(Short descriptive text snippets)
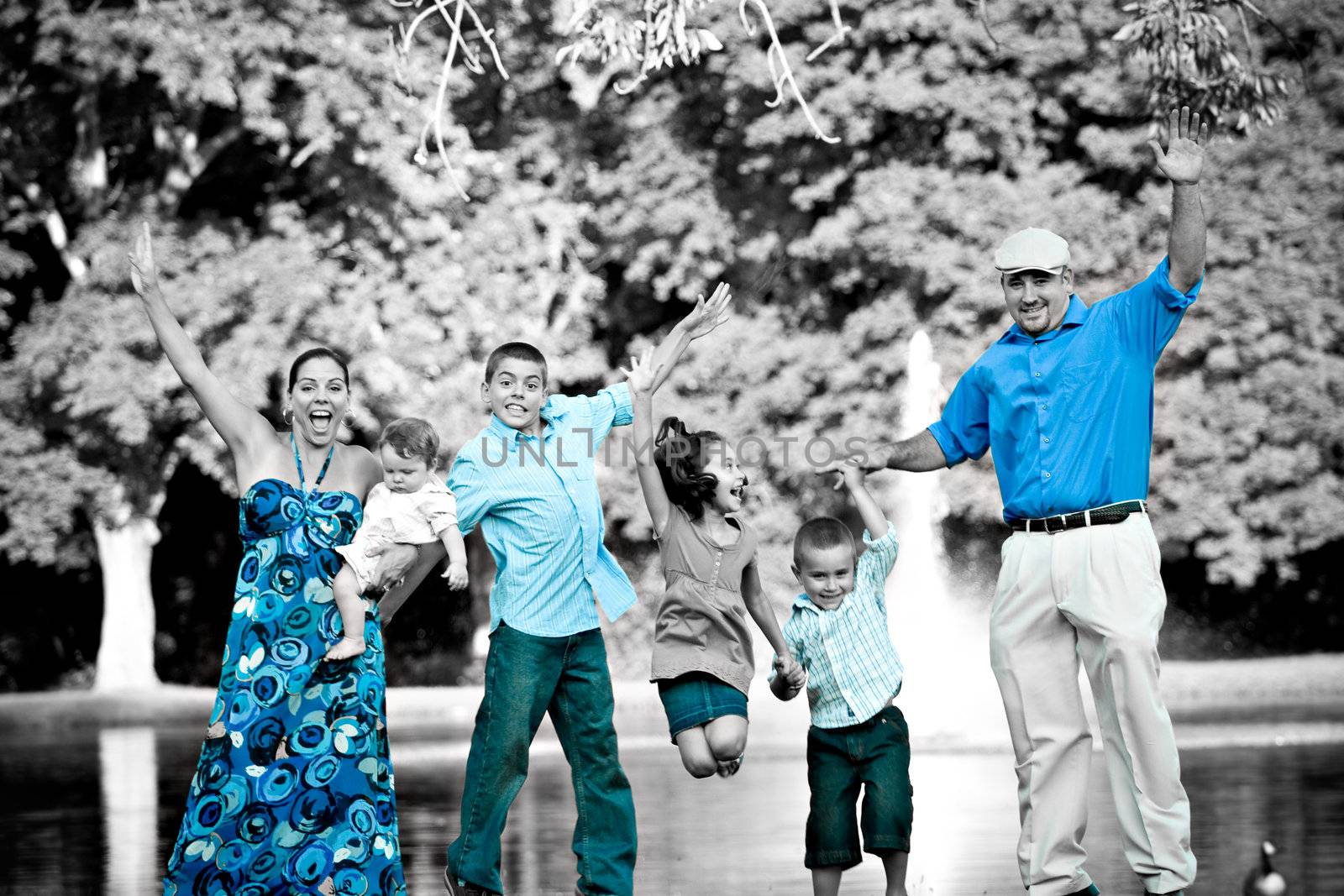 Portrait of a fun young family with four children jumping in the air all at once.  Selective isolated color highlighting the blues.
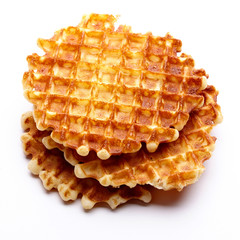 Freshly baked waffles isolated on white background. Top view.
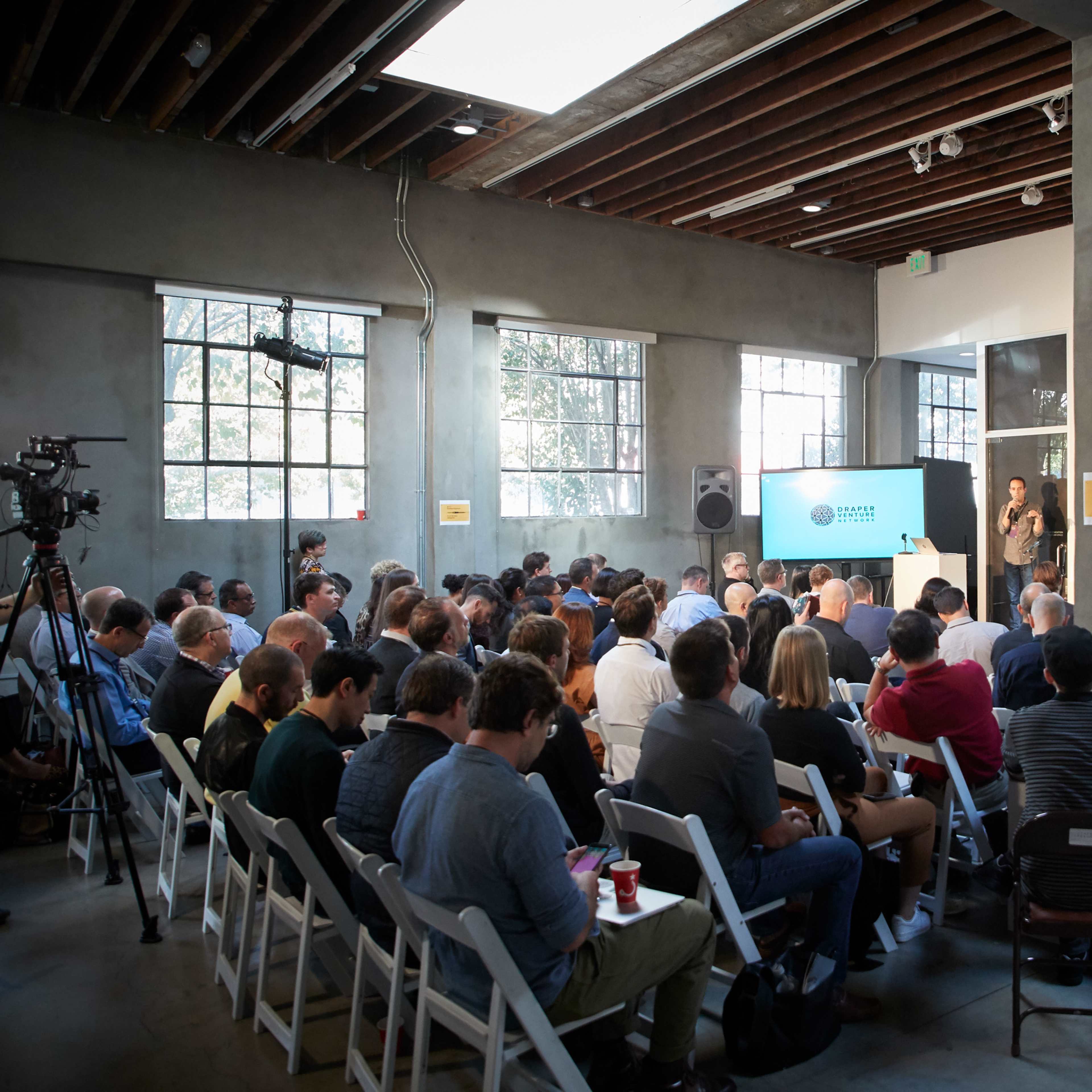 A group of people sits in rows facing a presentation screen in a spacious, well-lit indoor venue.
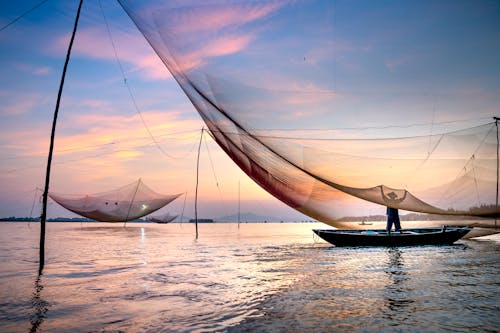 Silhouette of anonymous fisherman standing in boat under large lift net while catching fish against picturesque sunset sky in Hoi An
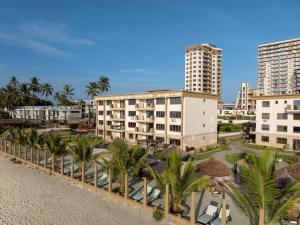 an aerial view of a resort with palm trees and buildings at Tulip Residences Vipingo Mombasa in Mombasa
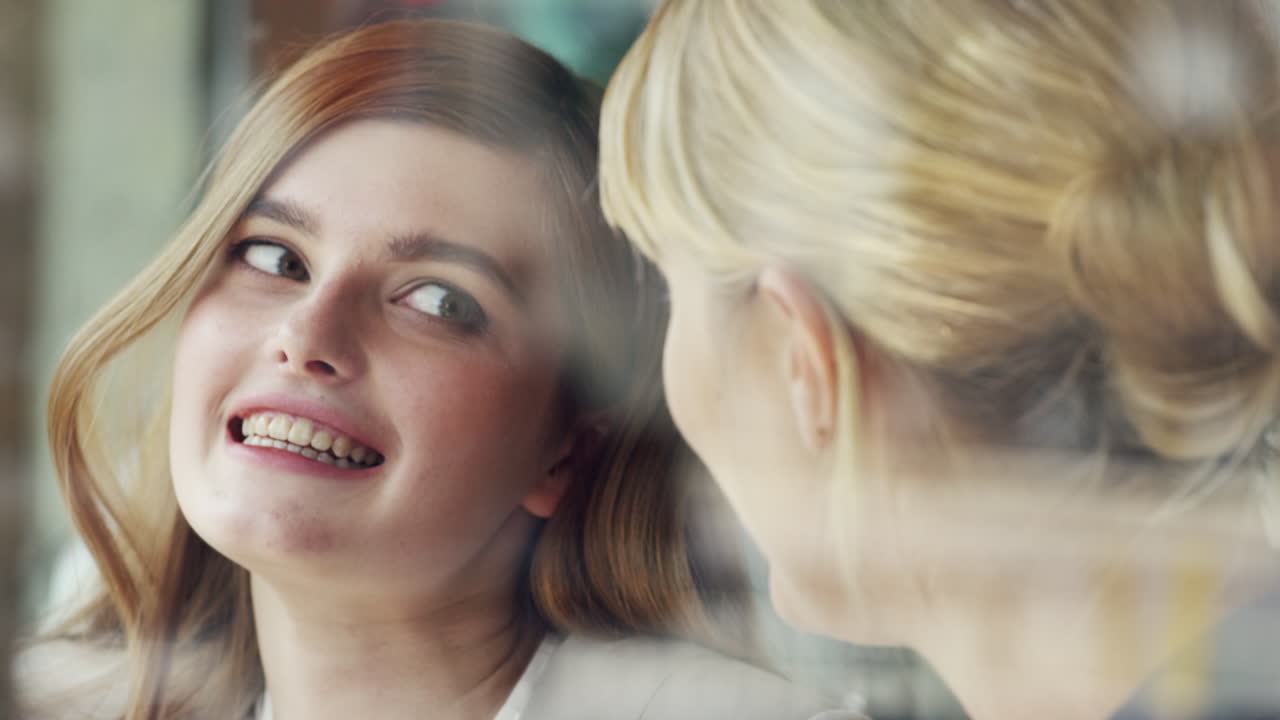 카페에서 커피를 마시는 디지털 태블릿을 사용하는 두 명의 여성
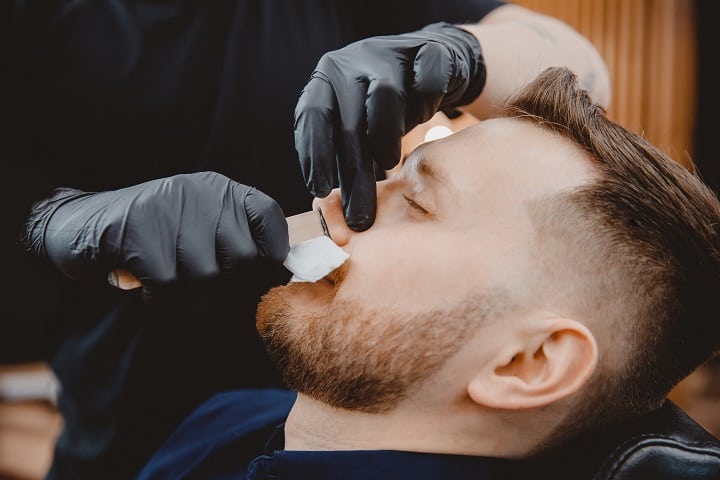 Barber Waxing Man's Beard and Nose Hair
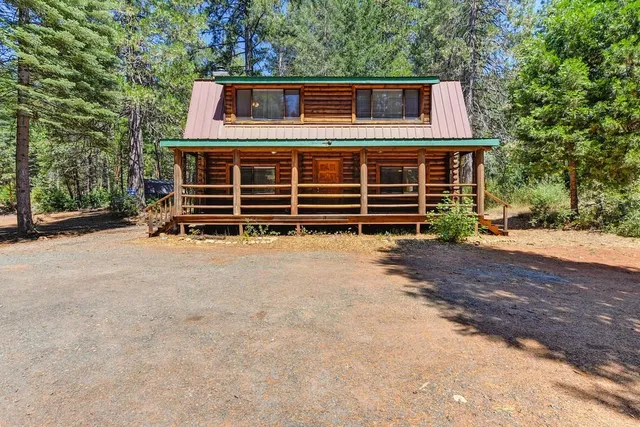 a view of a house with backyard and a tree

Your instructions: What's needed is an exact retyping of the records, pictures excluded.

Task response:
 Portrait of a fun young family with four children jumping in the air all at once.  Selective isolated color highlighting the blues.
 Freshly baked waffles isolated on white background. Top view.
 A group of people sits in rows facing a presentation screen in a spacious, well-lit indoor venue.
 Silhouette of anonymous fisherman standing in boat under large lift net while catching fish against picturesque sunset sky in Hoi An
 an aerial view of a resort with palm trees and buildings at Tulip Residences Vipingo Mombasa in Mombasa
 카페에서 커피를 마시는 디지털 태블릿을 사용하는 두 명의 여성
 Barber Waxing Man's Beard and Nose Hair
 a view of a house with backyard and a tree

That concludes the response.